§ Task prompt:
Below this line is a listing that includes pictures. Copy exactly, and only, the lines from the one containing "Women's Embroidered Crossbody" through the one containing "Serviette de nettoyage"; the pictures do not go in the copy.

§ Extracted material:
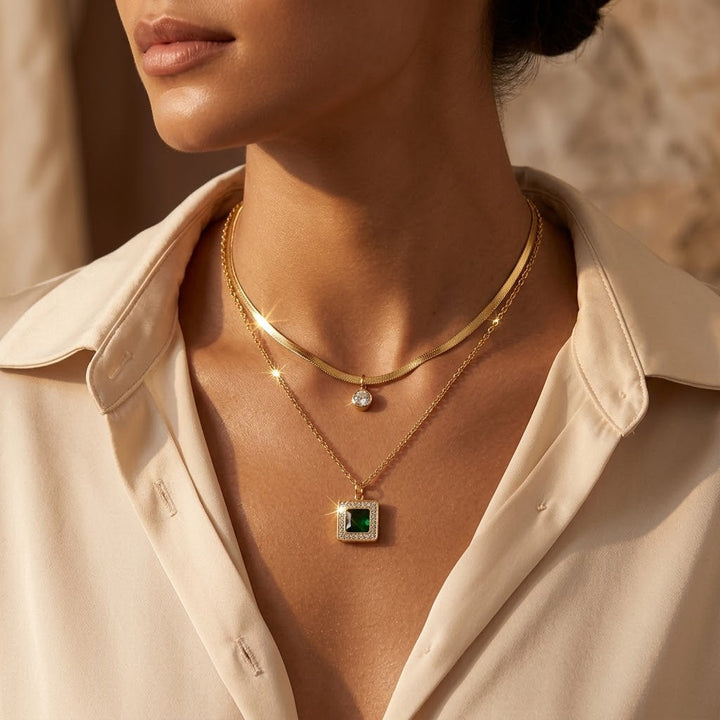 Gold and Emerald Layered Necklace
--
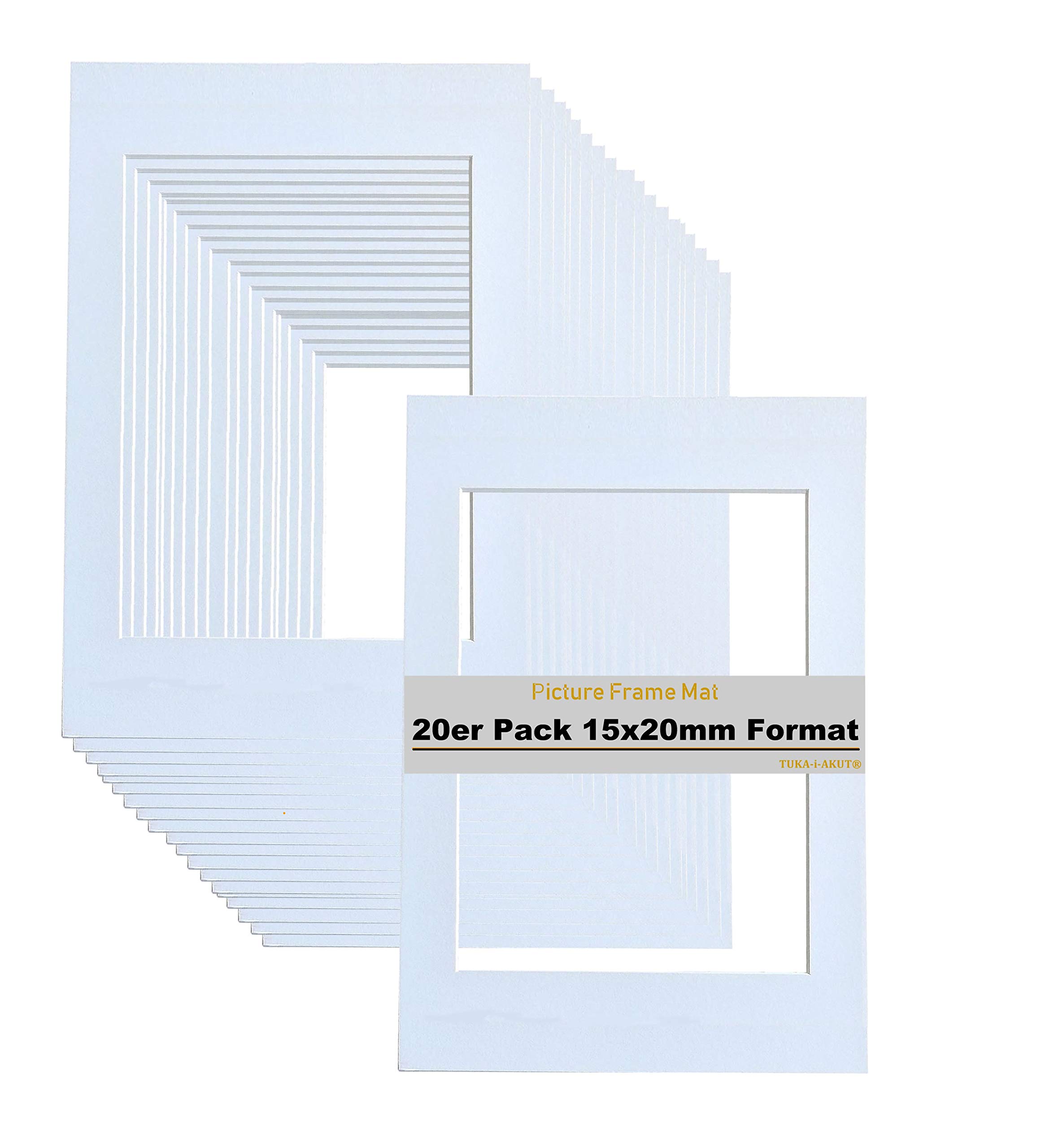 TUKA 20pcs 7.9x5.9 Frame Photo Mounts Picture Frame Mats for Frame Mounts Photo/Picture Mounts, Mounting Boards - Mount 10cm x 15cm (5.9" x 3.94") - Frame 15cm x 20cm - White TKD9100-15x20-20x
--
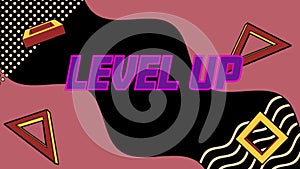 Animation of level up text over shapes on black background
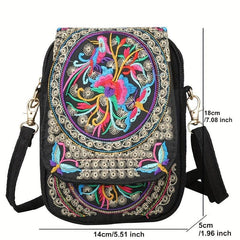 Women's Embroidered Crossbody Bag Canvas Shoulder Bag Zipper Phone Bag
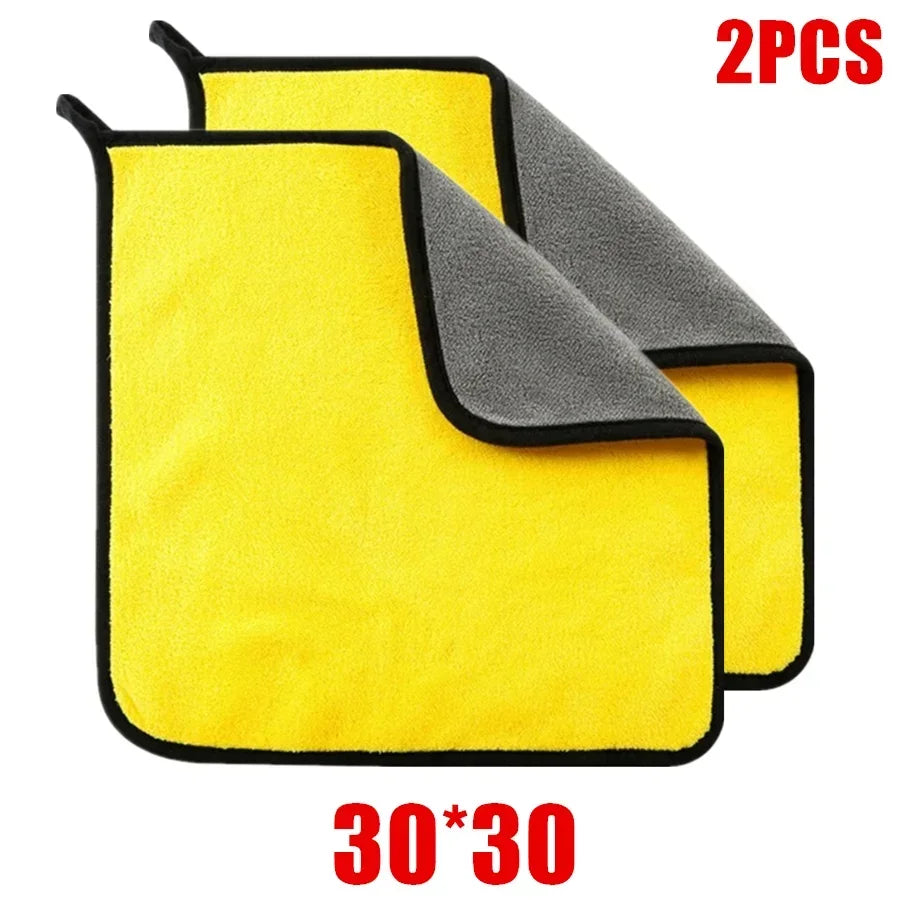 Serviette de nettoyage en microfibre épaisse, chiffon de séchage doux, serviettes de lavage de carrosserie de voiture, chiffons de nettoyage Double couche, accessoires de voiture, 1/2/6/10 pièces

§ Result of this task:
 Women's Embroidered Crossbody Bag Canvas Shoulder Bag Zipper Phone Bag
 Serviette de nettoyage en microfibre épaisse, chiffon de séchage doux, serviettes de lavage de carrosserie de voiture, chiffons de nettoyage Double couche, accessoires de voiture, 1/2/6/10 pièces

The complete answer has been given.